1 Mayıs 2014 Perşembe

Alopaşalı Şeker Konağı

Kütahya'da 30 yıldır çinicilik mesleği ile uğraşan İbrahim Kocaoğlu, kentin tarihi konaklarından 'Şeker Konağı'nı, 'Ata Sanatlarını Yaşatma Merkezi'ne dönüştürdü.
'Alopaşalı İbrahim' olarak tanınan İbrahim Kocaoğlu, kendisine özgü Türkuaz renklerinden oluşan binlerce çini eserlerini, mülkiyeti Kütahya Belediyesi'ne ait Pirler Mahallesi Karadonlu Sokak'ta bulunan 227 yıllık tarihi konakta sergiliyor.
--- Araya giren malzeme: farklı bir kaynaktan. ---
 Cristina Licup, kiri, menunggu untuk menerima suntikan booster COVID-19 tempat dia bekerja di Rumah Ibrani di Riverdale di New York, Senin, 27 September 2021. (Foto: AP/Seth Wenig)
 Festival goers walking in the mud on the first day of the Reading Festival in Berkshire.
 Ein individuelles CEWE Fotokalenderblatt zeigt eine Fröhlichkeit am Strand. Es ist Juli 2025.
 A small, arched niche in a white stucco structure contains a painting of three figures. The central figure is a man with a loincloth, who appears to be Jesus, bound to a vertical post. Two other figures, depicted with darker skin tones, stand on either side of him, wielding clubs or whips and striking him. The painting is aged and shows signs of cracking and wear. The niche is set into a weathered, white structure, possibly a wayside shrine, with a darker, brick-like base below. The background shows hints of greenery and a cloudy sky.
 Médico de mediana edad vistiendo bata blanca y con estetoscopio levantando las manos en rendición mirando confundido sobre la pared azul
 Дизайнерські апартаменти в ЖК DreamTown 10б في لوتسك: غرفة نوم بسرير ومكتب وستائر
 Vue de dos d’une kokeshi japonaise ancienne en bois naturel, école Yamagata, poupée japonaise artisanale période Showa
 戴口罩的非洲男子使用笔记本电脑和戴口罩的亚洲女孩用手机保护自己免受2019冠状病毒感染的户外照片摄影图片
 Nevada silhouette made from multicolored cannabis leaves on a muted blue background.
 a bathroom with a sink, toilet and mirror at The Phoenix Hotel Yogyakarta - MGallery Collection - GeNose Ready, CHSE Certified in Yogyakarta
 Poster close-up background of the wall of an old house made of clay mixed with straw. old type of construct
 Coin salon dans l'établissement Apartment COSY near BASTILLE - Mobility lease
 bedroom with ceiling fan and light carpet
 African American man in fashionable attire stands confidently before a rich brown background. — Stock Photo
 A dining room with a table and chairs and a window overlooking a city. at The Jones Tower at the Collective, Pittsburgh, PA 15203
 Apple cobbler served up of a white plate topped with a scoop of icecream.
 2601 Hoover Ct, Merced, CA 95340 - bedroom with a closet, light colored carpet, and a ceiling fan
Ata Sanatlarını Yaşatma Merkezi'ni 'tarihlerin buluşması' olarak değerlendirdiğini ifade eden İbrahim Kocaoğlu, "Bu konak, Türk insanının hangi şartlarda nasıl yaşadığını bizlere gösteren bir ibret vesikasıdır. Kütahya'da yaşanyan Türk mimarisi ile oluşmuş 2 tane konak var. Bunlardan bir tanesi Macarevi diğeri de burasıdır. Gusülhanesinden yüklüğünü, meyveliğinden abdesliğine, şadırvanından  çeşmesine kadar muhteşem bir dünya burası. 18. yüzyıldan bir yaşantıya ortak olmak isteyen tüm sanatseverleri buraya davet ediyorum. Herkesi aşka davet ediyorum. Ne demek aşk? 'Niçin böyle diyorsunuz derseniz?' bu, kızım Sede Cevher Kocaoğlu'nun 23 Nisan günü bulduğu bir slogan. Eskiden Türkuaz çini vadimiz vardı. Şimdi ise Şeker Konağımız oldu. Alopaşalı Şeker Konağı. Akrostiş yaptımızda baş harflerimizden aşk ortaya çıkıyor. İşte bu Allah'ın bize bahşettiği güzellik. Burada doğa aşkı var, sanat aşkı var. Yurt içinden, yurt dışından tüm sanatseverleri konağa davet ediyorum. Gelsinler, bu güzelikleri birlikte paylaşalım" dedi.